_Problem statement_
Take the entries below and retype them word for word, excluding the images.

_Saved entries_
>>>>>
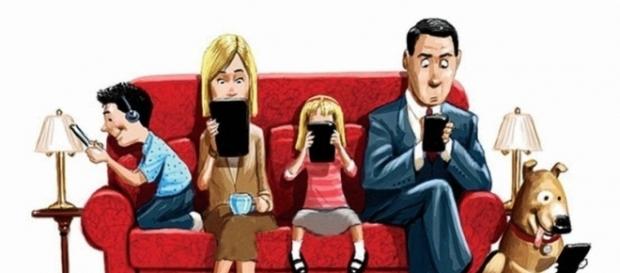 Aumenta o número de brasileiros, sobretudo jovens, que tiram a própria vida Aumenta o número de brasileiros, sobretudo jovens, que tiram a própria vida
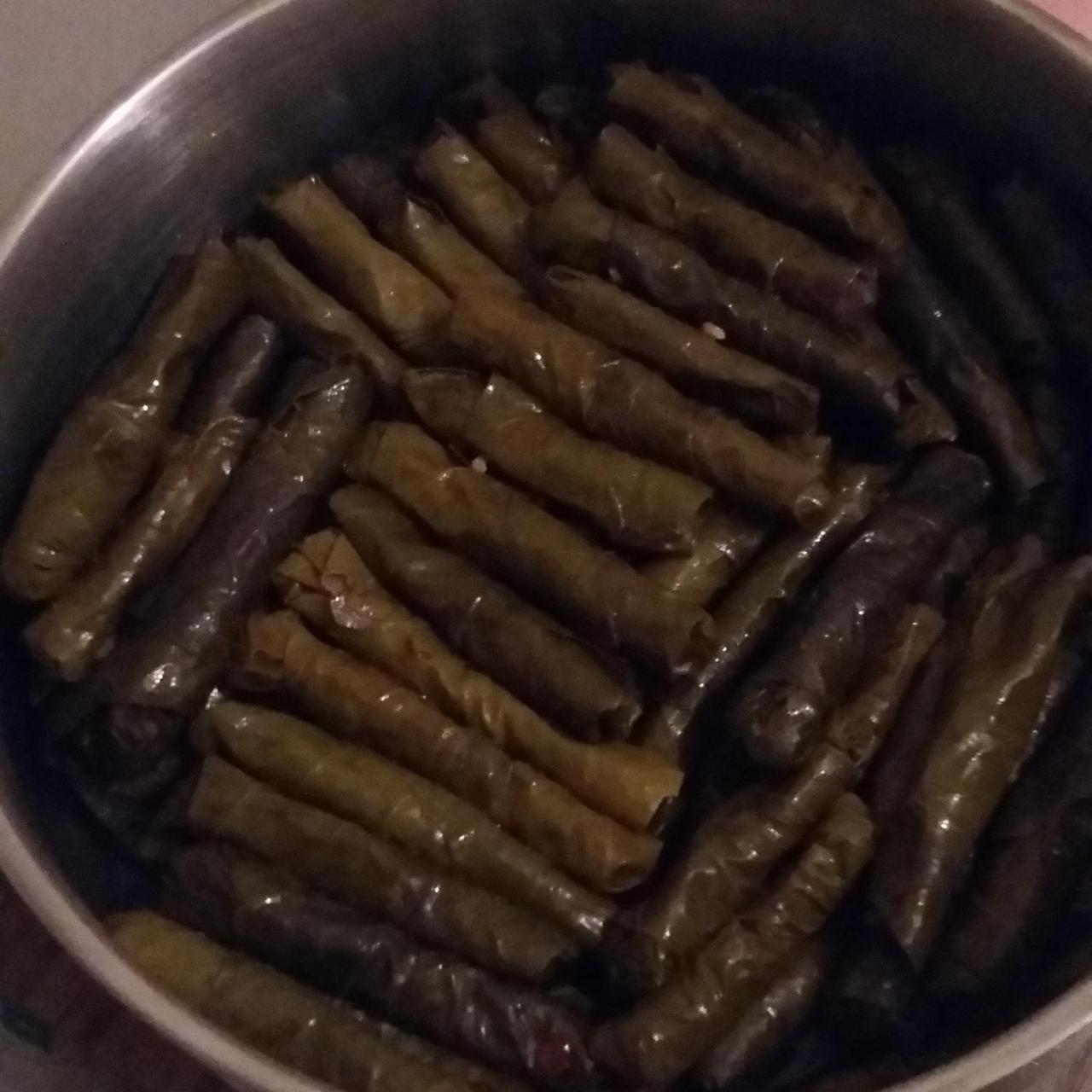 Nimet Hanim Konagi Safranbolu Exterior foto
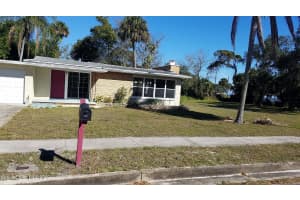3001 S Atlantic Ave APT 424, New Smyrna Beach, FL 32169, Sold 07/01/24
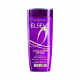 Kit Elseve Collagen Lifter Shampoo + Condicionador + Sérum 400ml (2)
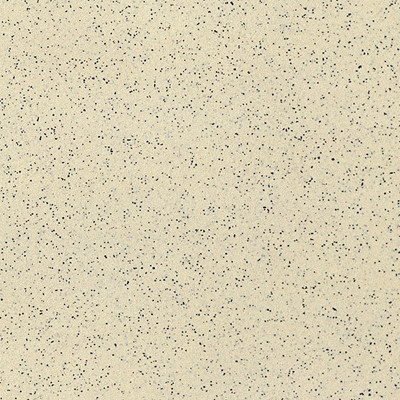 Технический Керамический Гранит Bianco Lasa 30 Matt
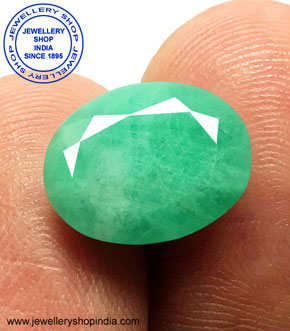 gemstone jewelry manufacturer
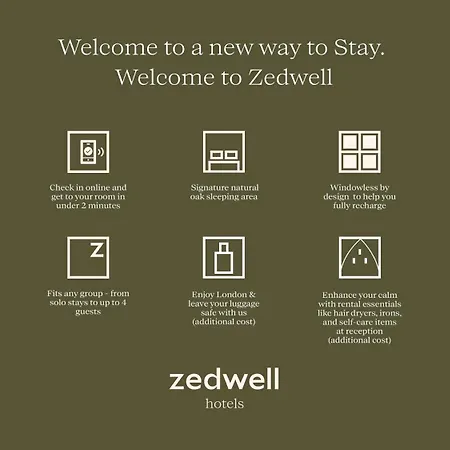 Zedwell Greenwich-2
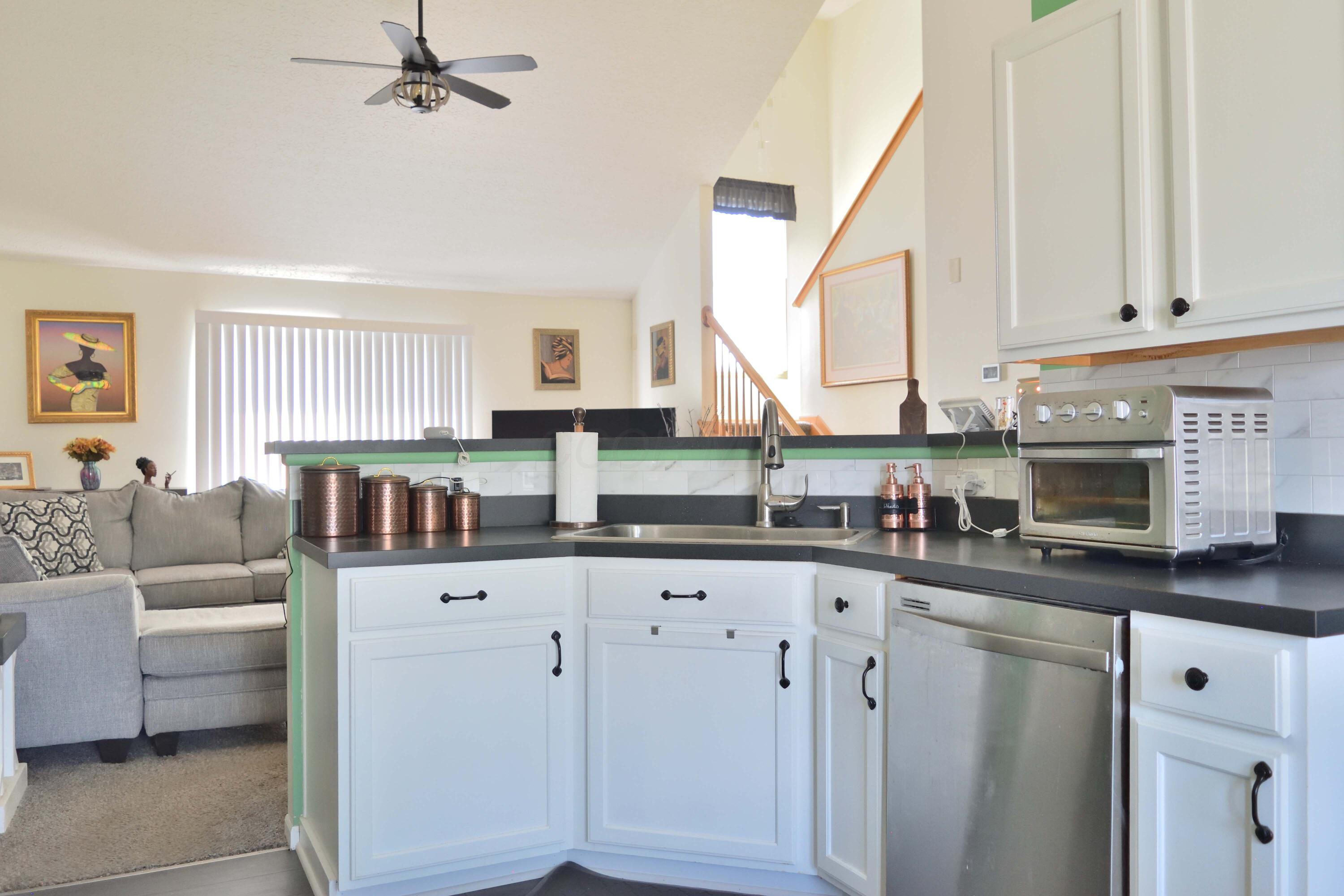 2651 Winningwillow Drive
<<<<<
_Task solution_
 Aumenta o número de brasileiros, sobretudo jovens, que tiram a própria vida Aumenta o número de brasileiros, sobretudo jovens, que tiram a própria vida
 Nimet Hanim Konagi Safranbolu Exterior foto
3001 S Atlantic Ave APT 424, New Smyrna Beach, FL 32169, Sold 07/01/24
 Kit Elseve Collagen Lifter Shampoo + Condicionador + Sérum 400ml (2)
 Технический Керамический Гранит Bianco Lasa 30 Matt
 gemstone jewelry manufacturer
 Zedwell Greenwich-2
 2651 Winningwillow Drive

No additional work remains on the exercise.